(SUPPLIED MATERIAL begins)
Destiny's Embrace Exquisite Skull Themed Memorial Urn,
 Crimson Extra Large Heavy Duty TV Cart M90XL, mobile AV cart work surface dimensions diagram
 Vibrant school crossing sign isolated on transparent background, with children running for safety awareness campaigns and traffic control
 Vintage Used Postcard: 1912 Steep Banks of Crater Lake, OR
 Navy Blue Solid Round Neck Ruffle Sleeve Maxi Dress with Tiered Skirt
(SUPPLIED MATERIAL ends)
_TASK DIRECTIONS_
Every entry must be duplicated exactly as it stands.

_EXERCISE ANSWER_
Destiny's Embrace Exquisite Skull Themed Memorial Urn,
 Crimson Extra Large Heavy Duty TV Cart M90XL, mobile AV cart work surface dimensions diagram
 Vibrant school crossing sign isolated on transparent background, with children running for safety awareness campaigns and traffic control
 Vintage Used Postcard: 1912 Steep Banks of Crater Lake, OR
 Navy Blue Solid Round Neck Ruffle Sleeve Maxi Dress with Tiered Skirt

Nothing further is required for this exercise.